- _Given data_:
--
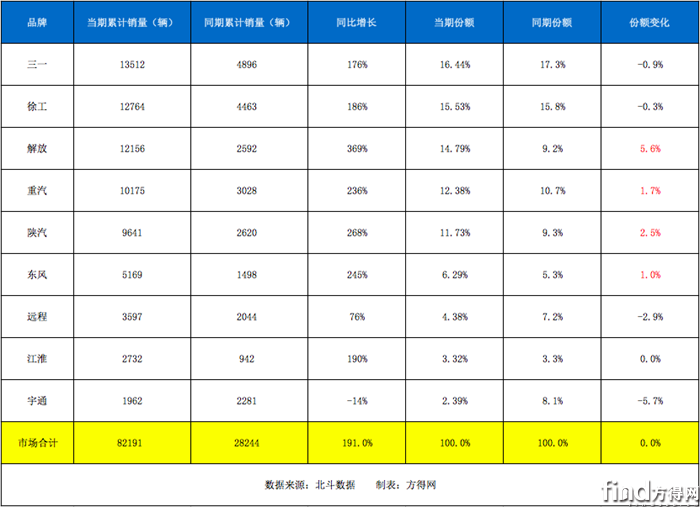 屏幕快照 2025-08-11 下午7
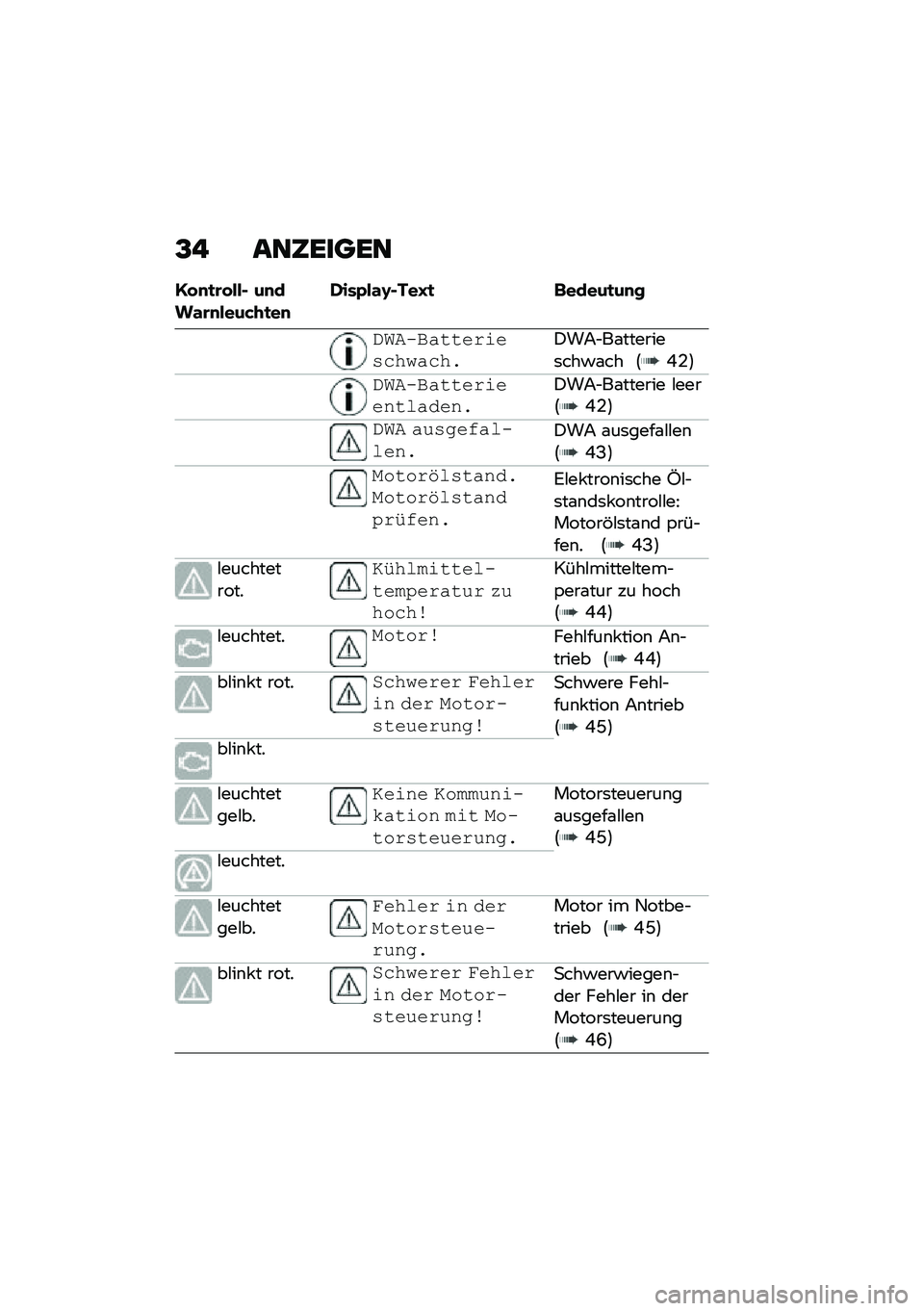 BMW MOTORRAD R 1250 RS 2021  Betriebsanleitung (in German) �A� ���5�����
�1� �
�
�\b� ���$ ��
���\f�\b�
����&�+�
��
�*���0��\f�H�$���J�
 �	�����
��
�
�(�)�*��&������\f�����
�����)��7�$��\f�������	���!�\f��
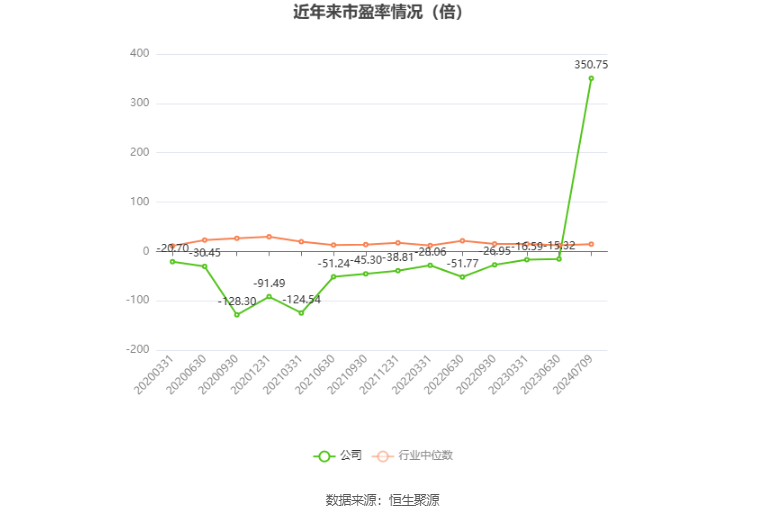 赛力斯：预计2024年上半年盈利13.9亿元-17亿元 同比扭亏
--
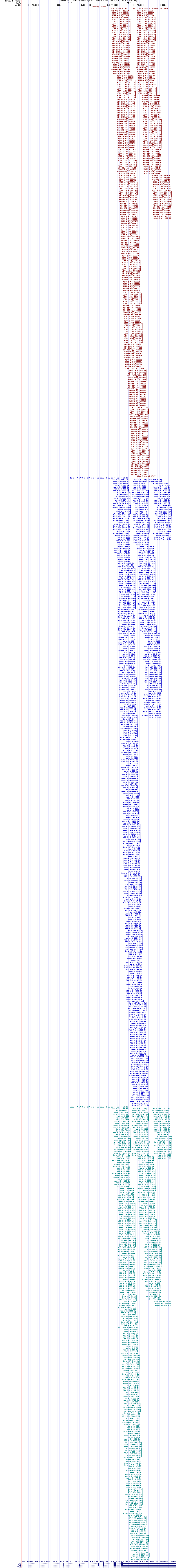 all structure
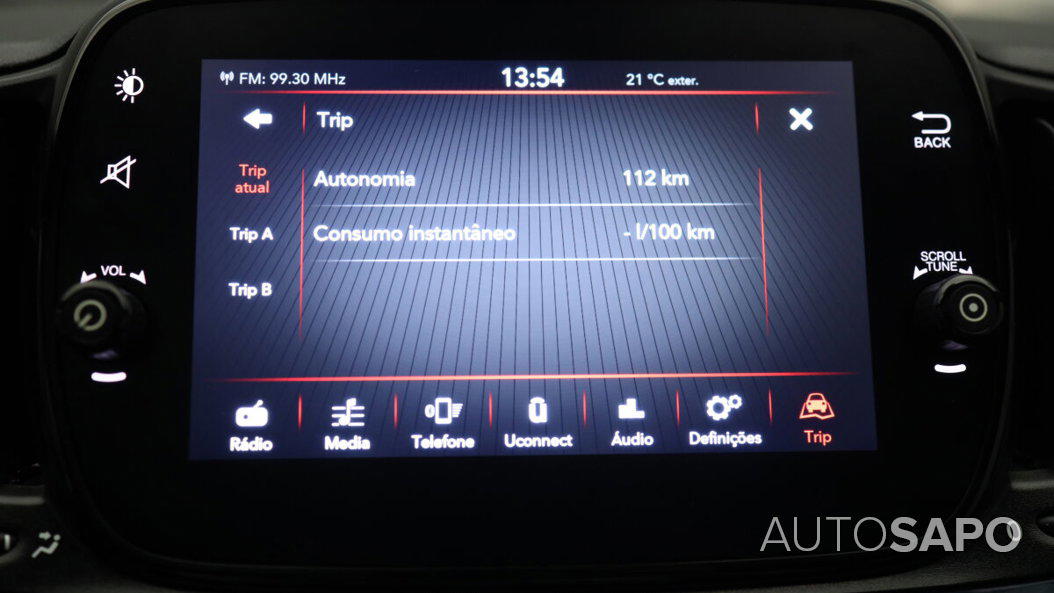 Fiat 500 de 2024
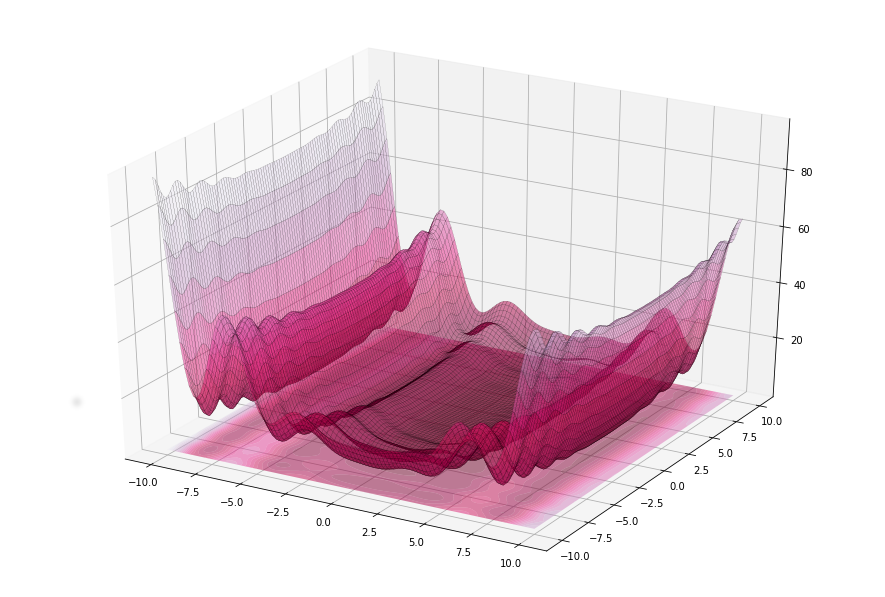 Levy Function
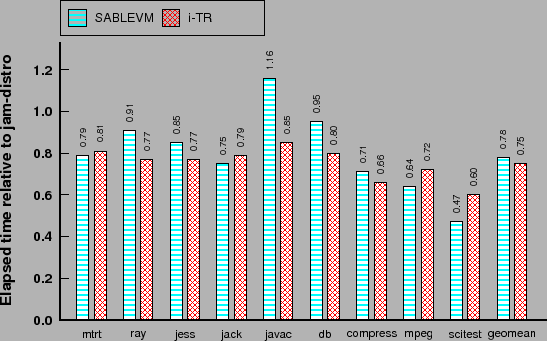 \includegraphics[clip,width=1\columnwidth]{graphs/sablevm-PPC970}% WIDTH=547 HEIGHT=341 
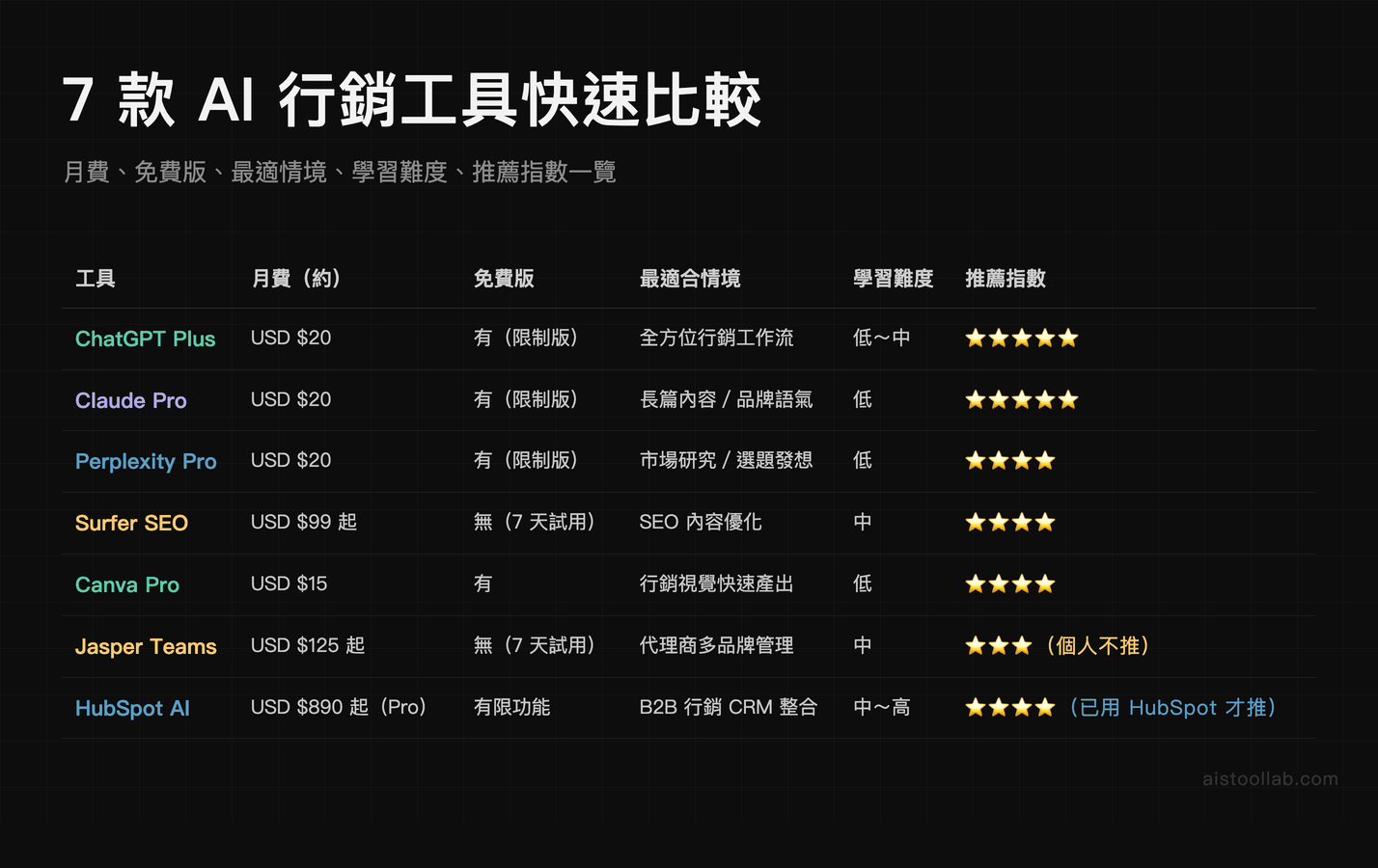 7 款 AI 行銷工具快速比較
--
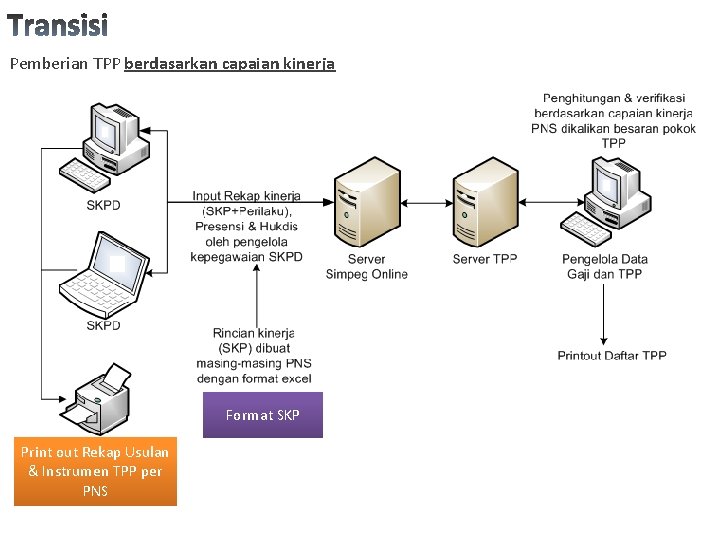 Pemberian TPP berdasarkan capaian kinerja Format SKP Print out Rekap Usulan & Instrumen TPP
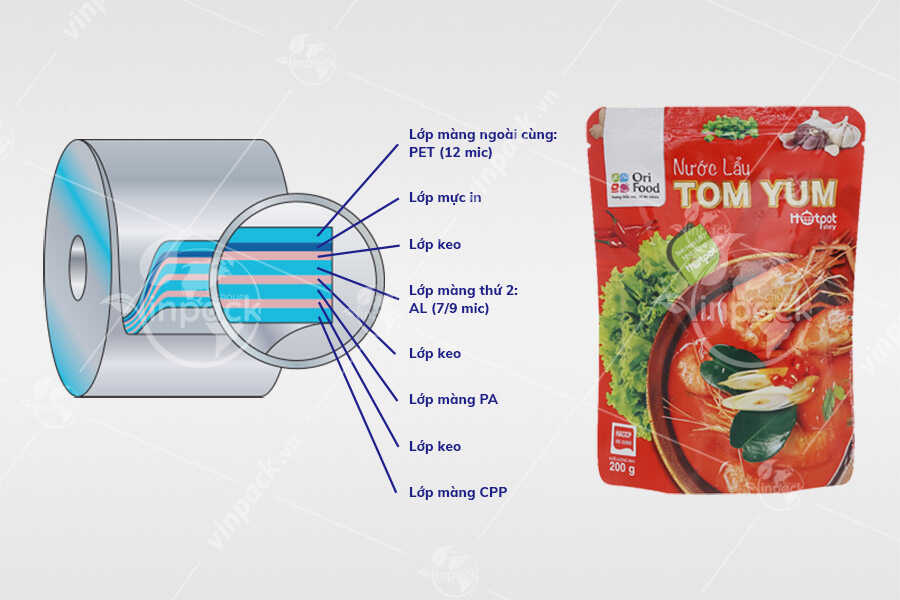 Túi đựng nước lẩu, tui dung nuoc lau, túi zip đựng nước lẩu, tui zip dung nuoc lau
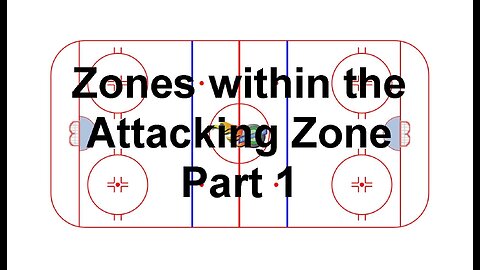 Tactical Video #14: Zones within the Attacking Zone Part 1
--
- _Your goal_: Excluding any pictures, print exactly the lines of the listing above from the line with "屏幕快照 2025-08-11 下午7" to the line with "赛力斯：预计2024年上半年盈利13.9亿元-17亿元 同比扭亏", both ends included.

- _Result_:
 屏幕快照 2025-08-11 下午7
 BMW MOTORRAD R 1250 RS 2021  Betriebsanleitung (in German) �A� ���5�����
�1� �
�
�\b� ���$ ��
���\f�\b�
����&�+�
��
�*���0��\f�H�$���J�
 �	�����
��
�
�(�)�*��&������\f�����
�����)��7�$��\f�������	���!�\f��
 赛力斯：预计2024年上半年盈利13.9亿元-17亿元 同比扭亏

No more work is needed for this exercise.